I will not instigate revolution
Couch gag: The family sit down, Maggie is squeezed out and caught by Marge.
Director: Wesley Archer
First appearance of:
Mr Largo, Lisa’s music teacher (although he has appeared in the opening sequence)
Bleeding Gums Murphy
Mrs Bouvier, Marge’s mother
Synopsis: Lisa is depressed by the world’s troubles and channels those emotions into her saxophone. She meets a jazz musician named Bleeding Gums Murphy (go see your dentist, kids!) who coaches Lisa into playing the blues. Meanwhile, Bart and Homer are enthralled in playing video game boxing. Bart is the undefeated champion so Homer learns some tricks from a young kid at the arcade and is moments from winning his first bout with Bart when Marge pulls the plug to talk about Lisa.
This is probably my least favourite episode of the entire series. The episode lacks everything that makes the series great, although it serves an important narrative function in allowing Lisa to ‘learn’ the blues and meet a defining character in her short little life. The viewer is torn between Lisa’s plight for all the injustice in the world and the continuing hijinks between Homer and Bart (or Homer and Lisa for that matter). This was the writers’ first foray into darker subject matter, but it demonstrates Lisa’s empathy and awareness of the world around her.
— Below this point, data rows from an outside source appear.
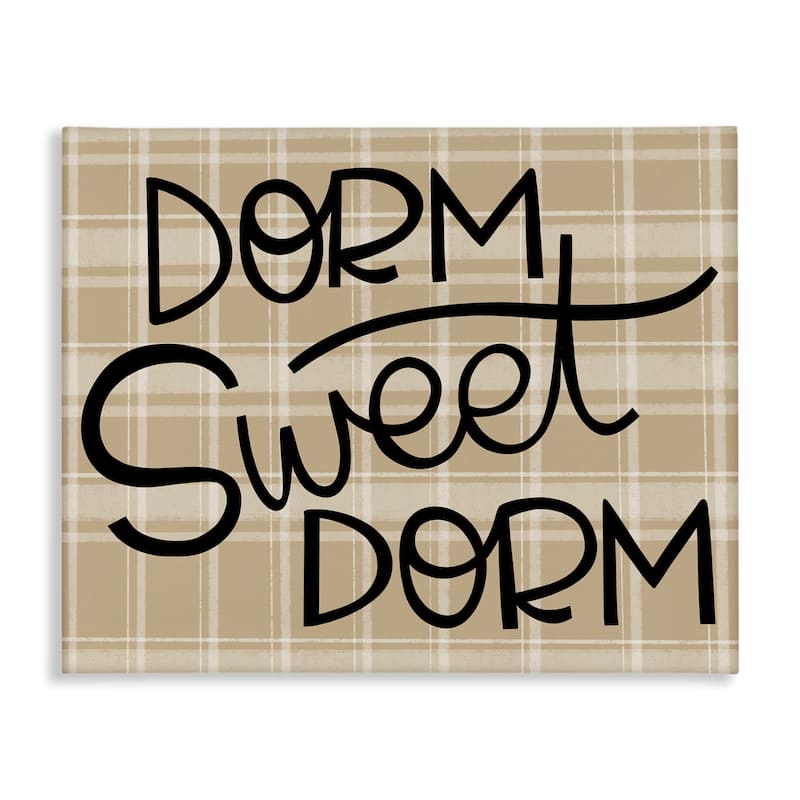 Stupell Sweet Dorm on Plaid Canvas Wall Art Design By Mandy Ford Art + Illustration - 20 x 16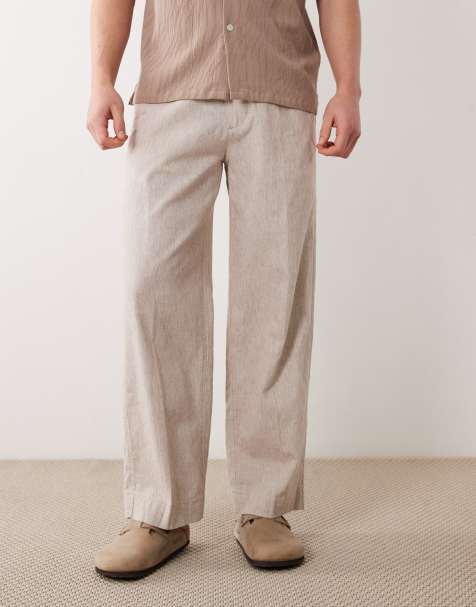 Abercrombie & Fitch - Ruimvallende broek van linnenmix in beige keperstof - view 1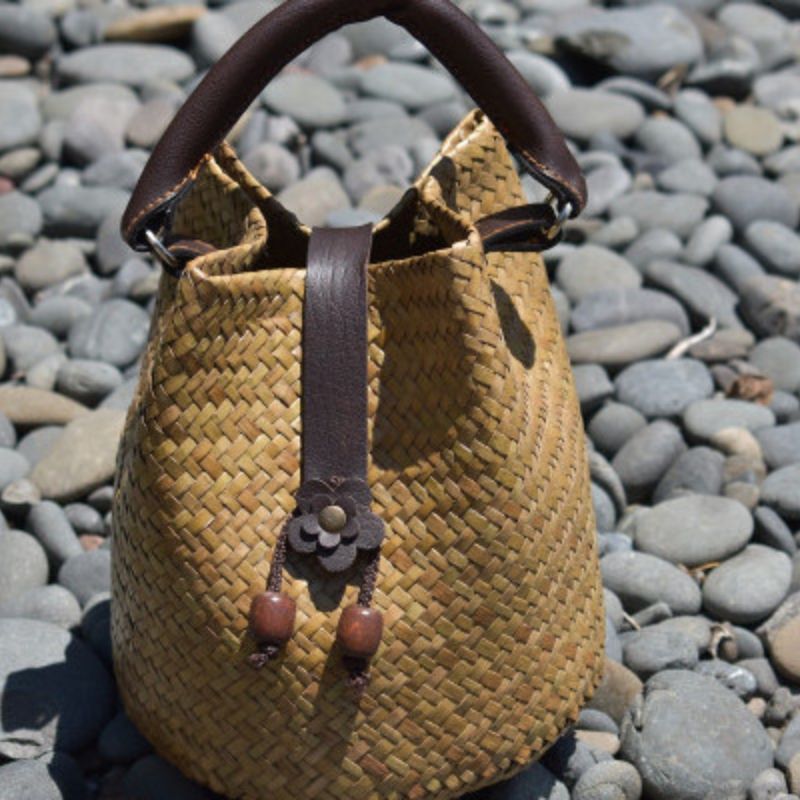 small handwoven tote bag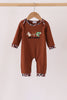 Brown camouflage hunting embroidery romper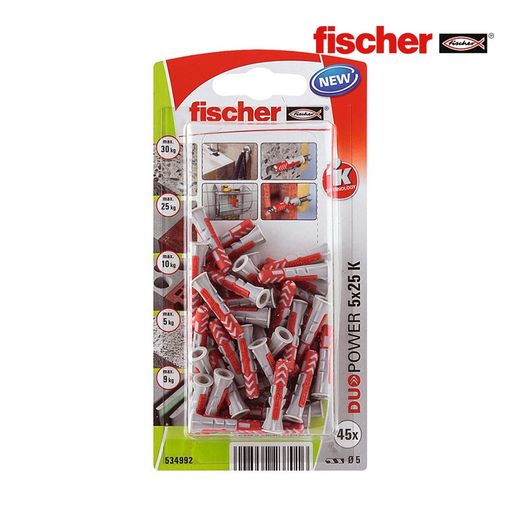 Blister 45 taquets duopower 5x25 fischer
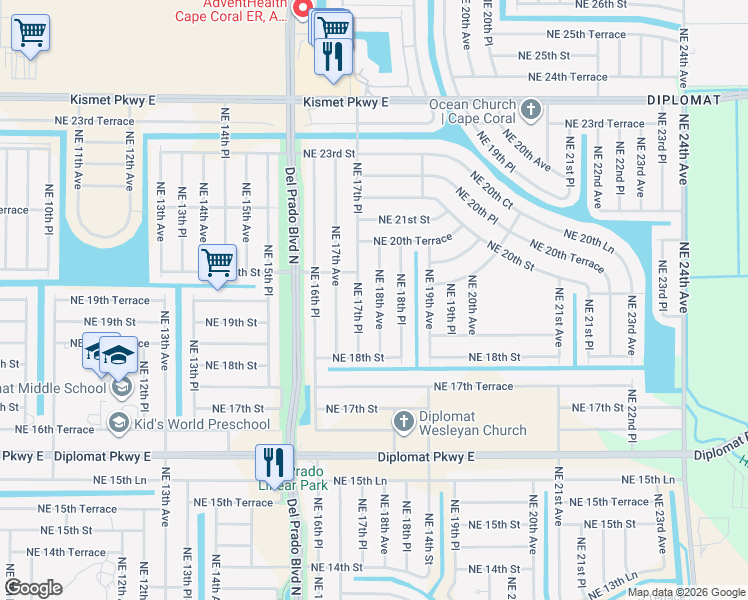 map of restaurants, bars, coffee shops, grocery stores, and more near 1902 Northeast 17th Place in Cape Coral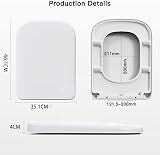 Pipishell Square Toilet Seat Soft Close Quick Release Heavy Duty UF White view 3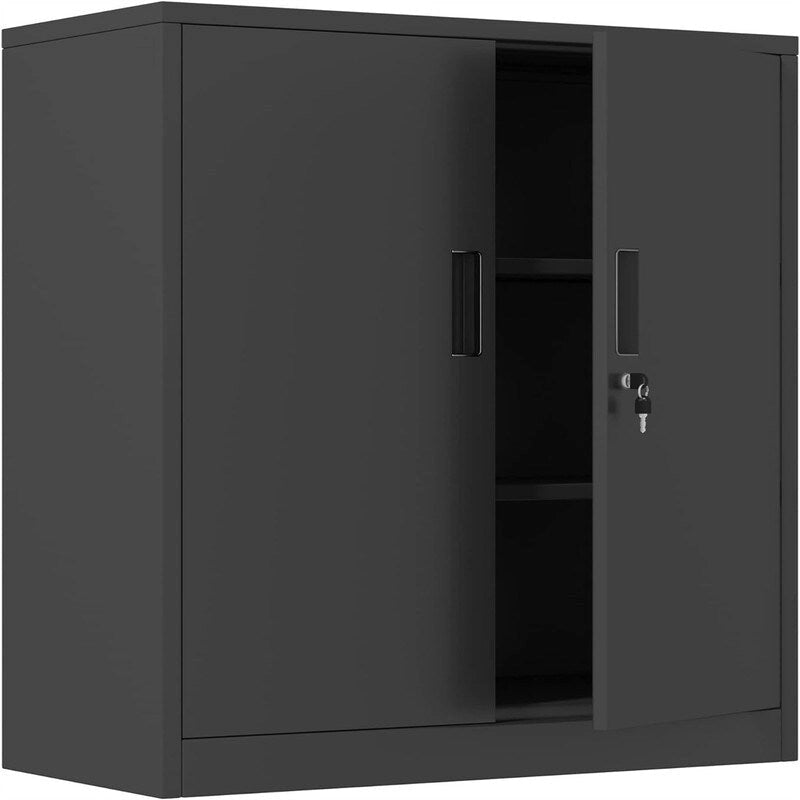 Armoire de rangement métallique verrouillable à 2 portes avec étagères réglables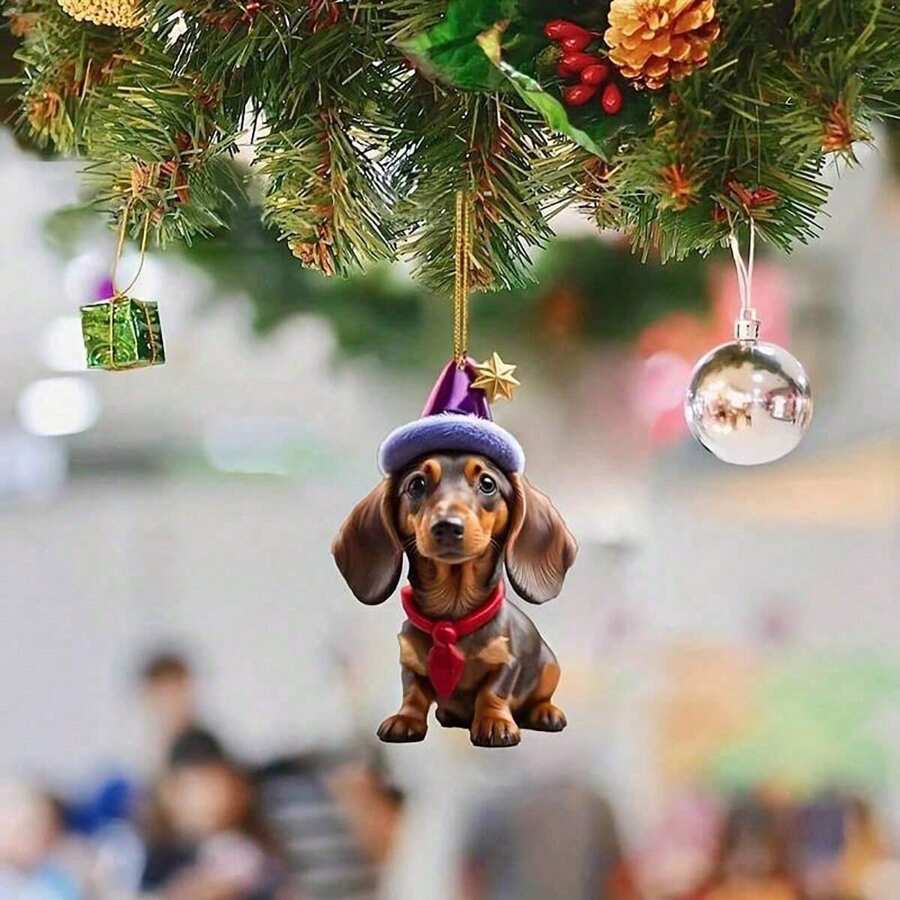 1/3pcs-2D Plane Christmas Dog Acrylic Hanging Ornament, Bicycle Mirror Charm For Car & Home, Outdoor Holiday Decor, Theme Party & Christmas Tree Accessory, Ideal For Bag & Keychain Gifts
Although I’ve spent much of my life deriding this “Lisa is sad” episode, I can now see the important function it plays within the series. Bleeding Gums Murphy was not to become a regular character, which is understandable, however this probably impacts on Lisa’s creative development; this short encounter is enough to instill in her a love of jazz and playing the blues which is carried over to a number of future episodes. In the discourse between “real life” and “television narrative”, Lisa is much more likely to hang around Bleeding Gums a great deal more and become a fully rounded person. In any case, Lisa ends the episode being content with the world even with all the injustice.